Posted to dev@beam.apache.org by enrico canzonieri <ec...@gmail.com> on 2019/08/15 23:22:57 UTC

JobServer JobInvocation for Flink portable runner blocks on job completion

Hello,

while launching Flink jobs using the PortableRunner I noticed that jobs are
marked by Beam as state RUNNING before actually running on Flink. The issue
doesn't seem specific to the Flink Runner though:
https://github.com/apache/beam/blob/e5e9cab009ef81045b587b2b582c72cf2522df9b/runners/java-fn-execution/src/main/java/org/apache/beam/runners/fnexecution/jobsubmission/JobInvocation.java#L90

I'd assume the TODO in the code is referring exactly to this issue. For
Flink specifically I guess that one of the problems is that jobs are
submitted using a blocking API from the BeamFlinkRemoteStreamEnvironment
<https://github.com/apache/beam/blob/ae83448597f64474c3f5754d7b8e3f6b02347a6b/runners/flink/src/main/java/org/apache/beam/runners/flink/FlinkExecutionEnvironments.java#L361>.
So we essentially never return from the job submission, unless the job is
completed (never for streaming) or it's cancelled or failed.

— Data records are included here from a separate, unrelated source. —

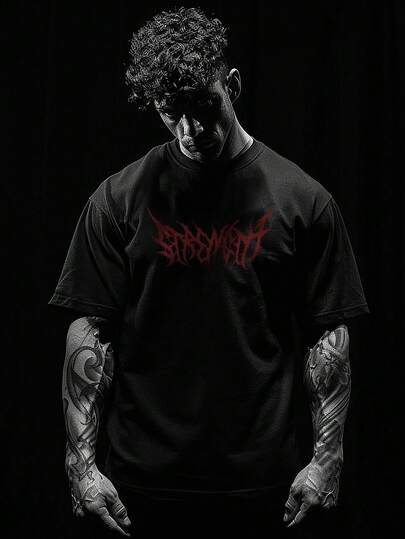 Manfinity Sport Corelite 男士夏季字母印花宽松黑色运动T恤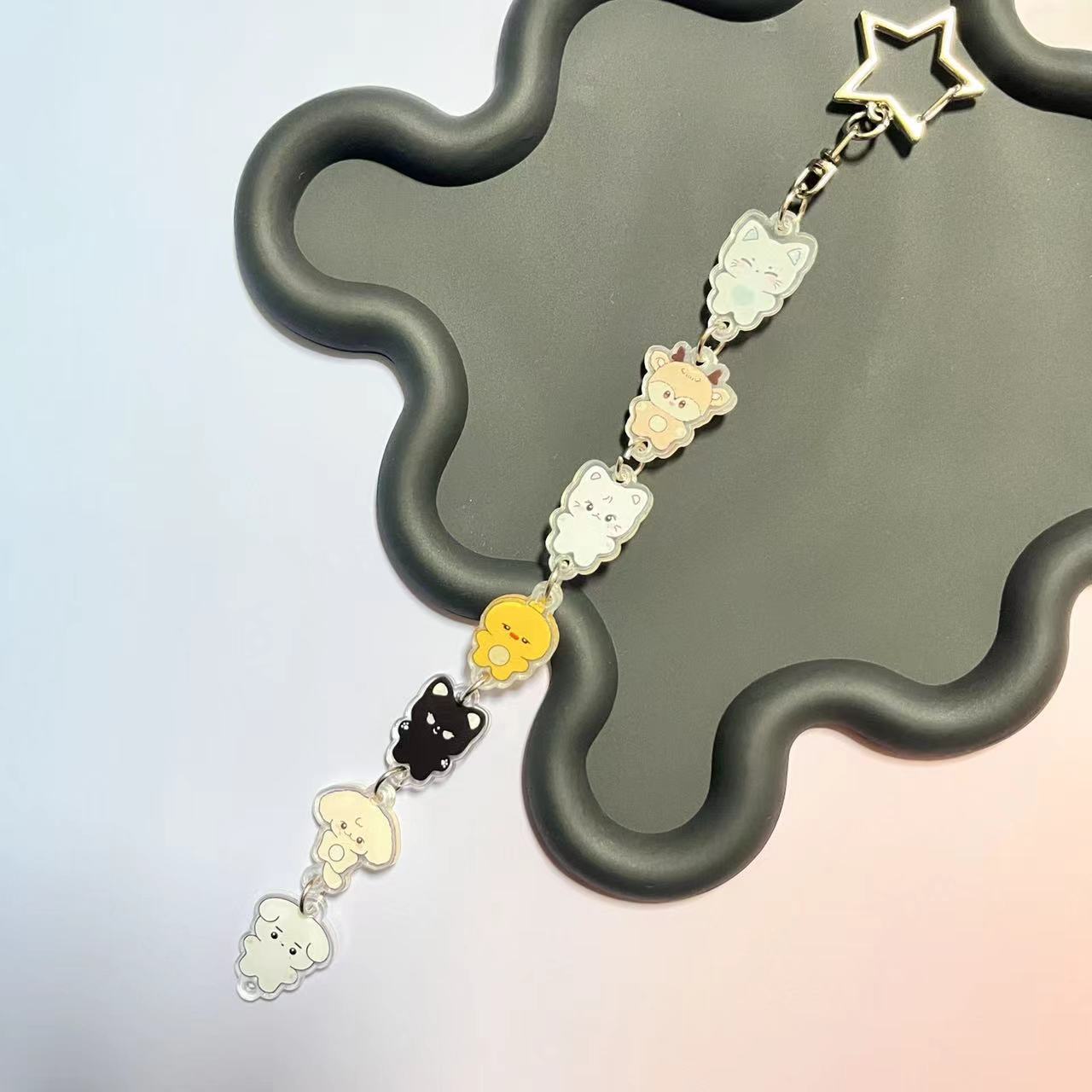 Kpop Double-sided Cartoon Pendant Keychain
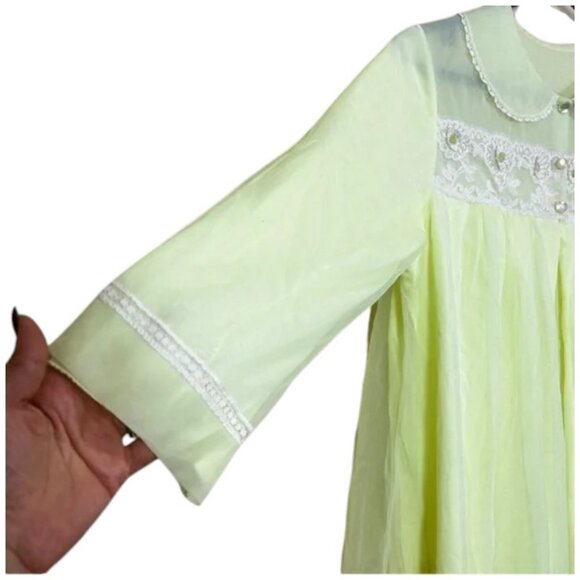 French Maid lime green vintage peignoir size S - Picture 5 of 11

A possible
solution to this is to set the Flink client as detached and return a
JobSubmissionResult instead of a JobExecutionResult and then have a Future
or event loop that tracks the actual job execution and changes the job
state accordingly.

Playing around with the code it seems that this would be possible but it
could require a large code change, including possibly the duplication of
the entire Flink RemoteStreamEnvironment
<https://github.com/apache/flink/blob/master/flink-streaming-java/src/main/java/org/apache/flink/streaming/api/environment/RemoteStreamEnvironment.java>
code inside Beam to customize it even more than it is already.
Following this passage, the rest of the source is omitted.